Cargo ships are pretty obnoxious things, trundling along at barely 15 knots. They’re ungainly, stupid, ugly, and we hate them. It’s about time someone stormed into the situation to shake up proceedings – that would be us! Yes, the helicopter boat (catchier than the helicopter cargo ship, non?) is a cargo ship that’s also a helicopter.
Cargo ships can carry about 150,000 tonnes. That’s heavy. You may have noted helicopters typically have one “copter” bit (the blades that spin round), but that won’t cut it with this invention. To lift all that weight, we’ve worked out you need 2,000 copter rotors to get the thing hovering. Any fewer and it’s just not going anywhere. Well, it’ll be worth it the moment you see a 150,000 tonne cargo ship being flown in land!
The Helicopter Boat
The difficulty here was attaching some 2,000 copter rotors to the cargo ship we acquired (i.e. stole) to test this all out on. We won’t divulge the exact death toll, but it was a busy week of severed limbs flying through the air! Plenty of pots of tea and good old British stiff upper lip got us through the worst moments, but it was a testing time that taught us this: ships aren’t really meant to be airborne.

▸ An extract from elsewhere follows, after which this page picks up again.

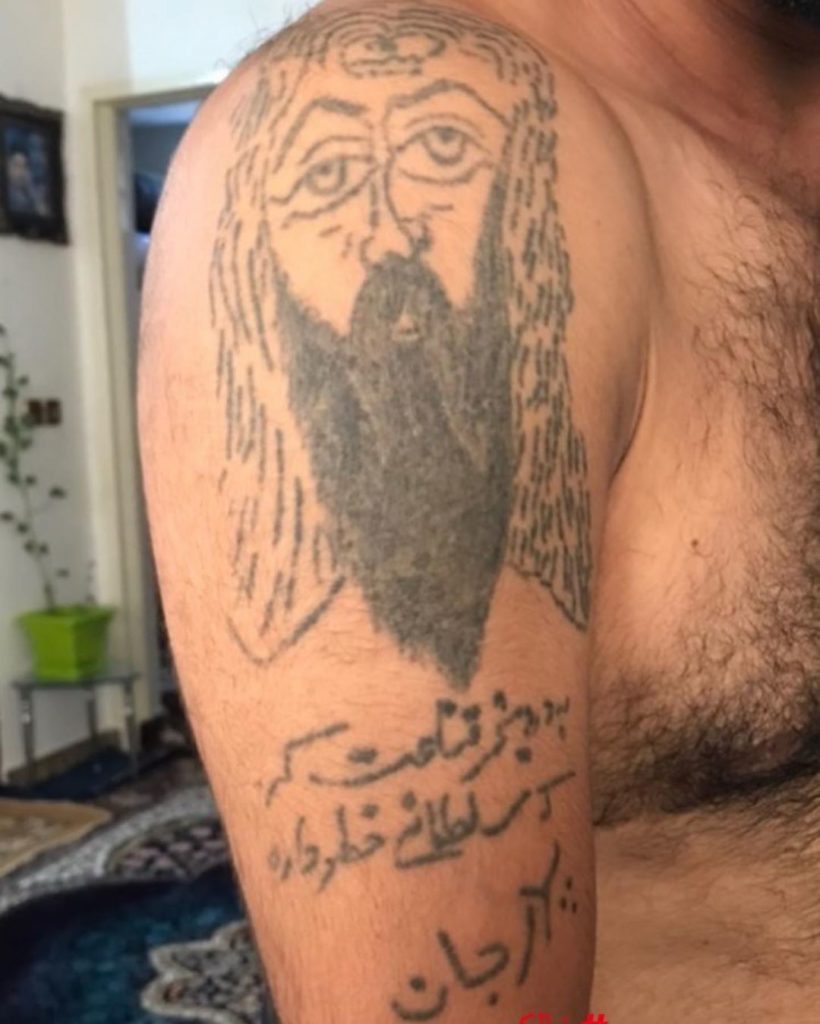 Black Ink Religious Tattoo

The good news is the helicopter boat does work. Despite some reservations about its practicality, commercial appeal, health and safety hazards, and expense (the thing will cost $100 million per boat), it seems to us to offer many uses. If, for example, you have a cargo of instant noodles that desperately needs transporting across land (the land may be stricken by, for instance, riots due to economic deprivation after businesses wasted all their money buying helicopter boats, leading to mass unemployment and poverty), then the helicopter boat delivers big time!
Those noodles will make it to starving citizens in no time. You can see the front page headlines right now: “Helicopter boats responsible societal collapse, but feeds desperately in need wealthy people with instant noodles” – this contraption, truly, is the hero for the little man: the 1%. They’ll never starve again!
Other Uses
The helicopter boat does have other uses. It’s a boat, first and foremost, and a mighty one at that. In hot and stuffy regions, the copter rotors can be switched on to cool down staff – they can stand about on deck being gently wafted by a nice breeze. It’s lovely! Of course, occasionally the odd copter blade snaps and decapitates a worker, but that’s one less mouth to feed.
It will also double up as a tourist destination between, and during, cargo duties – a luxurious super-yacht with the capacity for 5,000+ mindless tourists. The helicopter boat will provide tours around the Cape of Good Hope, before surging on to Blackpool Pleasure Beach in Northern England, where holiday-goers will be able to dangle over the sides for closeup views of the effluence-ridden waters.
Why didn’t you name it the Helliboat?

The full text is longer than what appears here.